### YOUR TASK:
A word-for-word copy of the data is what's wanted, with no pictures.

### INPUT DATA:
◇ ◇ ◇ ◇ ◇ ◇ ◇

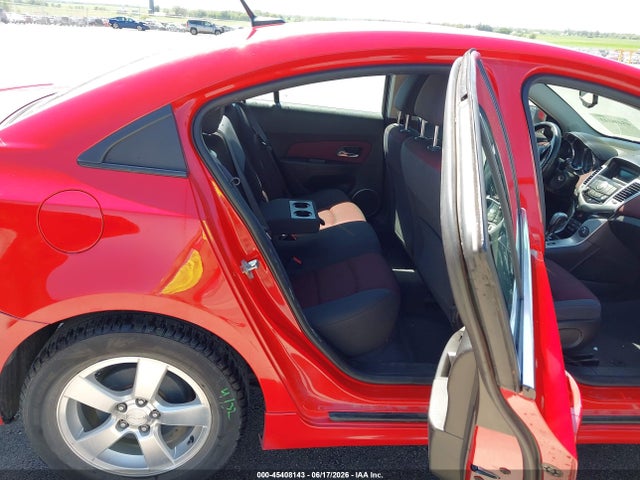 2013 Chevrolet CRUZE 1LT AUTO — миниатюра 8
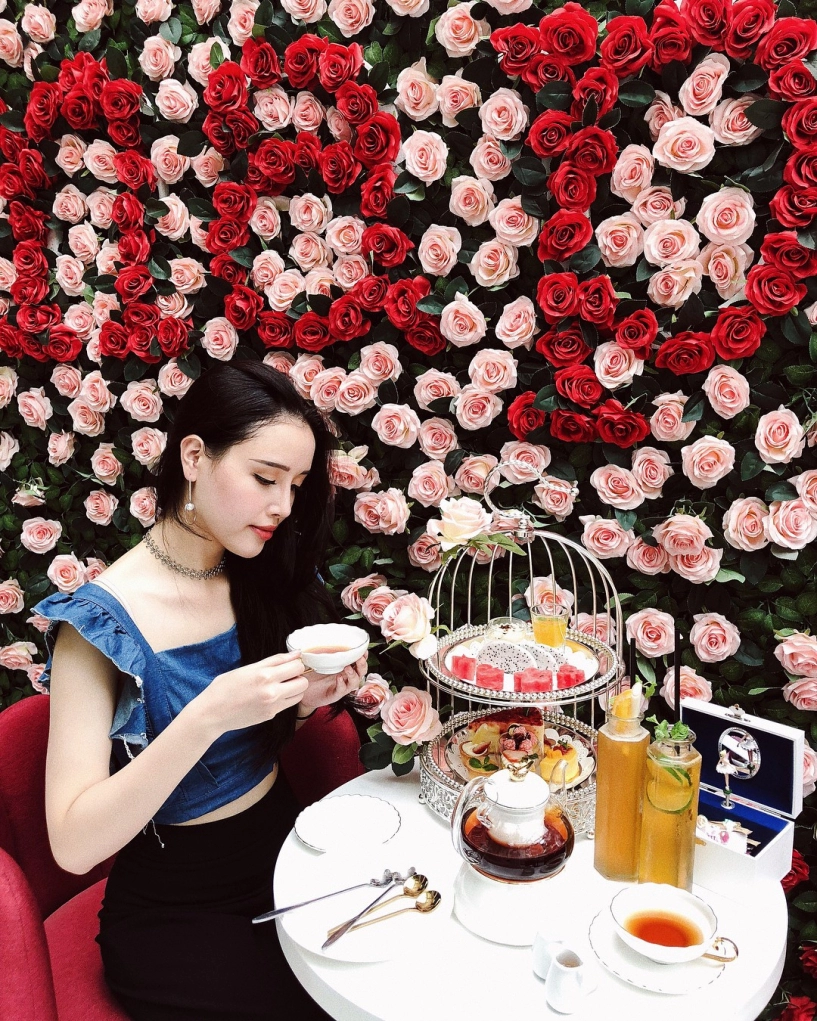 Em gái mai phương thúy xinh đẹp kinh doanh giỏi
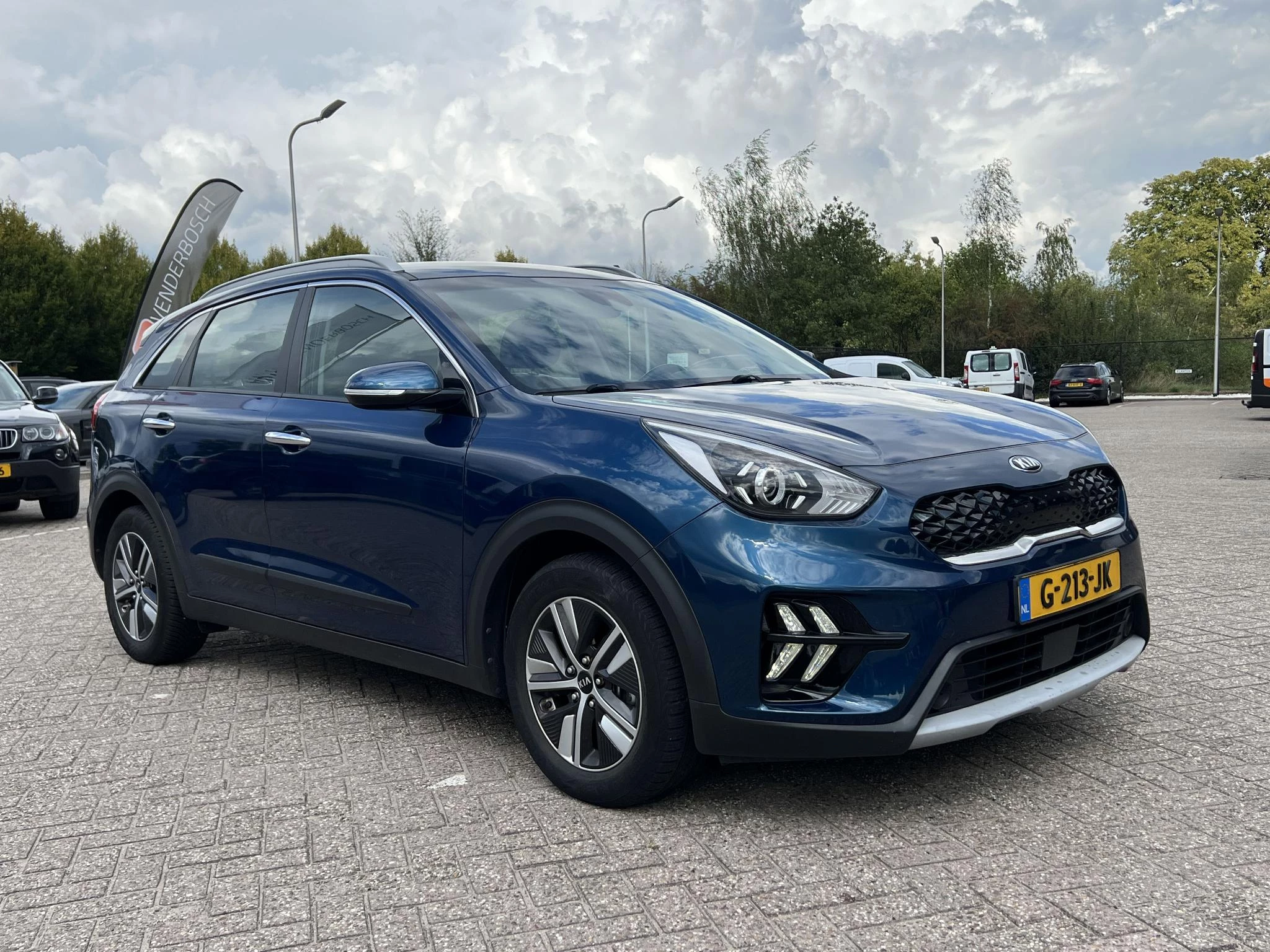Hoofdafbeelding Kia Niro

◇ ◇ ◇ ◇ ◇ ◇ ◇

### OUTPUT FOR THIS TASK:
 2013 Chevrolet CRUZE 1LT AUTO — миниатюра 8
 Em gái mai phương thúy xinh đẹp kinh doanh giỏi
Hoofdafbeelding Kia Niro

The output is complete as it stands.